Seven years ago, after my first ever trip to Trinidad and Tobago, where my father was born (my mother was born in Guyana), I began to wake up more fully from a cultural amnesia. I had worked on my trunk with time in personal therapy and training as a therapist and healer. However, I had not fully delved into fortifying my roots, and without these how could my branches grow? I began to unearth all that was forgotten, lost, buried, hidden, repressed and neglected. This was not only in my personal family shadow, but the collective Indo-Caribbean shadow as well.
I asked questions to both my parents, located death certificates, visited graves, learned to cook more Indo-Caribbean food and preserve the recipes. I created family trees to identify names, details and patterns. I listened to and recorded family stories that went back to my great-great-great-grandparents. I created an ancestral altar of photos and objects as a specific place to honour and show gratitude to my ancestors. I unpacked many archetypal themes; secrets such as murder, poverty, violence, rape and neglect.
These emotions, themes, beliefs and traumas can present in later generations as ancestral and/or transgenerational trauma. Anything ranging from depression, anxiety, physical illness, addiction and relationship difficulties, to sexual abuse/assault, domestic violence, post traumatic stress disorder, colonialism, self worth, misogyny, issues with neighbours, land or employment.
My grandfather was only 10 months old when 102 workers were shot in Rose Hall Estate in Canje, Guyana by colonial police for protesting and refusing to work on days they were granted leave.
This has been proven through epigenetics— the study of how our behaviours and environment cause changes that affect how our genes work. Unlike genetic changes, these changes are reversible and do not affect our DNA sequence. Essentially, this means that working through any psychological, relational and emotional issues we have has a lasting affect, not only on us, but ripples back energetically to our ancestors and forward to our descendants. Some Native American traditions believe our actions affect seven generations in both directions. We are all connected energetically in the web of life and so the entire lineage evolves.

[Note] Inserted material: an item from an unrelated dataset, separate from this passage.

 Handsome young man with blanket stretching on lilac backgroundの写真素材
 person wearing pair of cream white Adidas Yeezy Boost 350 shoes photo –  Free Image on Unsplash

There are so many ways to honour an ancestor; events, plays, films, books, articles, celebrating our food, music, culture and asking family members questions. As well, it is asking those searching and difficult questions both of yourself, your family and your ancestors to explore the hidden layers and territory. It can be challenging and uncomfortable to hear, feel, and process these deep personal and collective wounds. However, once unearthed, there is gold to be discovered in what can be referred to as post traumatic growth; psychological, energetic, spiritual transformation and resources.
I have discovered these ancestral gifts in strength, survival instinct and resilience.
Also my connection to nature has deepened as a gift from my ancestors. They were so connected to their land; the trees, fruits, animals, the elements and nature in a way we are not in our modern and technological lives. I have discovered my great-grandmother, Ma, as an ancestor spirit who guides me. I’ve only met her once and she died on my 13th birthday.
Our ancestors are calling on us to do them a service and honour them. It is our job to throw light on the still obscured shadows of indentured servitude, to face and heal our personal and cultural wounds and hidden scars. Talk the talk and walk the walk. This will serve as a gateway to cultural transformation and evolution; for us, them and their/our descendants.
Huge gratitude to all Indo-Caribbean ancestors for their many sacrifices; it is because of them we have our lives, the many opportunities and choices. We are able to thrive more than survive. Together, let us go beyond our inner coastline into the depths and finally discover and reclaim the cultural gold in El Dorado.